> **TO DO**
Below are the entries; return exactly the line with "Real Betis vs" and every later line, without anything else.

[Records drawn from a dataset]
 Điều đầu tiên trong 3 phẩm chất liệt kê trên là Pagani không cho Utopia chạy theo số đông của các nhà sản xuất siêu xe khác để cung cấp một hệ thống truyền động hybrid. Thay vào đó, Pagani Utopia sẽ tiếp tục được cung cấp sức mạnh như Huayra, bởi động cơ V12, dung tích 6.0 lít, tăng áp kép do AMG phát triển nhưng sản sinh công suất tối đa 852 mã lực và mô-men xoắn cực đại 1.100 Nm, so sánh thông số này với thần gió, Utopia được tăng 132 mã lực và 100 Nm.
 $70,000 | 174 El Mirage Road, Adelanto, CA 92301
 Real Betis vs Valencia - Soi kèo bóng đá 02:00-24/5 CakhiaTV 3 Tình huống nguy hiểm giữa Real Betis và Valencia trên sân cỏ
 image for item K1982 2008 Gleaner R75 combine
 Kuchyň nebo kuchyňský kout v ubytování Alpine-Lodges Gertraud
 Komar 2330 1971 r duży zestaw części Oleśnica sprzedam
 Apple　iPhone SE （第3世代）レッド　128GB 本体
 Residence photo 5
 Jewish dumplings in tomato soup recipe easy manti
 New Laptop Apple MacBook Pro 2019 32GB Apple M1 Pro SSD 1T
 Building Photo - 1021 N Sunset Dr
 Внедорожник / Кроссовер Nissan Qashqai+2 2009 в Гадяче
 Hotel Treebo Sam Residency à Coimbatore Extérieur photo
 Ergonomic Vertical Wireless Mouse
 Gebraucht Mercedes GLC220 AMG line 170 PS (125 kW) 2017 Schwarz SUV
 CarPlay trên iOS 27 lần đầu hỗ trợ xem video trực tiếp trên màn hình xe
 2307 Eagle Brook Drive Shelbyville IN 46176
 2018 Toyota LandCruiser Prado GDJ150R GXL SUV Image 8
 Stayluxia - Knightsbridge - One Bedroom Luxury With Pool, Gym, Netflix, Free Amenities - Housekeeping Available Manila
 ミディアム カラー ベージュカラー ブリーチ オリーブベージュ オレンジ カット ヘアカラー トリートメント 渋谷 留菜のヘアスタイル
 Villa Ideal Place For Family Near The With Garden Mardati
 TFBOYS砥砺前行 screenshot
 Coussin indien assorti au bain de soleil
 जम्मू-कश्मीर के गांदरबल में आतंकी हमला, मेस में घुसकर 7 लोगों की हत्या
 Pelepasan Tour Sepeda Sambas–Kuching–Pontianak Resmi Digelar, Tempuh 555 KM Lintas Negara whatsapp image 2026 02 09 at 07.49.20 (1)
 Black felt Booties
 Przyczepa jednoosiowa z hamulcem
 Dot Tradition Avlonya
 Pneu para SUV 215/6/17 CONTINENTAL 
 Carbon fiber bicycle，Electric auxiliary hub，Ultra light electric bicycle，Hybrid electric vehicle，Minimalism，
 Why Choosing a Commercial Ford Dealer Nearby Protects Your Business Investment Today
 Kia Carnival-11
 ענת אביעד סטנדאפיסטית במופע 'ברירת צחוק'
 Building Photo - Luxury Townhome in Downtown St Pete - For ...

> **RESPONSE BOX**
 Real Betis vs Valencia - Soi kèo bóng đá 02:00-24/5 CakhiaTV 3 Tình huống nguy hiểm giữa Real Betis và Valencia trên sân cỏ
 image for item K1982 2008 Gleaner R75 combine
 Kuchyň nebo kuchyňský kout v ubytování Alpine-Lodges Gertraud
 Komar 2330 1971 r duży zestaw części Oleśnica sprzedam
 Apple　iPhone SE （第3世代）レッド　128GB 本体
 Residence photo 5
 Jewish dumplings in tomato soup recipe easy manti
 New Laptop Apple MacBook Pro 2019 32GB Apple M1 Pro SSD 1T
 Building Photo - 1021 N Sunset Dr
 Внедорожник / Кроссовер Nissan Qashqai+2 2009 в Гадяче
 Hotel Treebo Sam Residency à Coimbatore Extérieur photo
 Ergonomic Vertical Wireless Mouse
 Gebraucht Mercedes GLC220 AMG line 170 PS (125 kW) 2017 Schwarz SUV
 CarPlay trên iOS 27 lần đầu hỗ trợ xem video trực tiếp trên màn hình xe
 2307 Eagle Brook Drive Shelbyville IN 46176
 2018 Toyota LandCruiser Prado GDJ150R GXL SUV Image 8
 Stayluxia - Knightsbridge - One Bedroom Luxury With Pool, Gym, Netflix, Free Amenities - Housekeeping Available Manila
 ミディアム カラー ベージュカラー ブリーチ オリーブベージュ オレンジ カット ヘアカラー トリートメント 渋谷 留菜のヘアスタイル
 Villa Ideal Place For Family Near The With Garden Mardati
 TFBOYS砥砺前行 screenshot
 Coussin indien assorti au bain de soleil
 जम्मू-कश्मीर के गांदरबल में आतंकी हमला, मेस में घुसकर 7 लोगों की हत्या
 Pelepasan Tour Sepeda Sambas–Kuching–Pontianak Resmi Digelar, Tempuh 555 KM Lintas Negara whatsapp image 2026 02 09 at 07.49.20 (1)
 Black felt Booties
 Przyczepa jednoosiowa z hamulcem
 Dot Tradition Avlonya
 Pneu para SUV 215/6/17 CONTINENTAL 
 Carbon fiber bicycle，Electric auxiliary hub，Ultra light electric bicycle，Hybrid electric vehicle，Minimalism，
 Why Choosing a Commercial Ford Dealer Nearby Protects Your Business Investment Today
 Kia Carnival-11
 ענת אביעד סטנדאפיסטית במופע 'ברירת צחוק'
 Building Photo - Luxury Townhome in Downtown St Pete - For ...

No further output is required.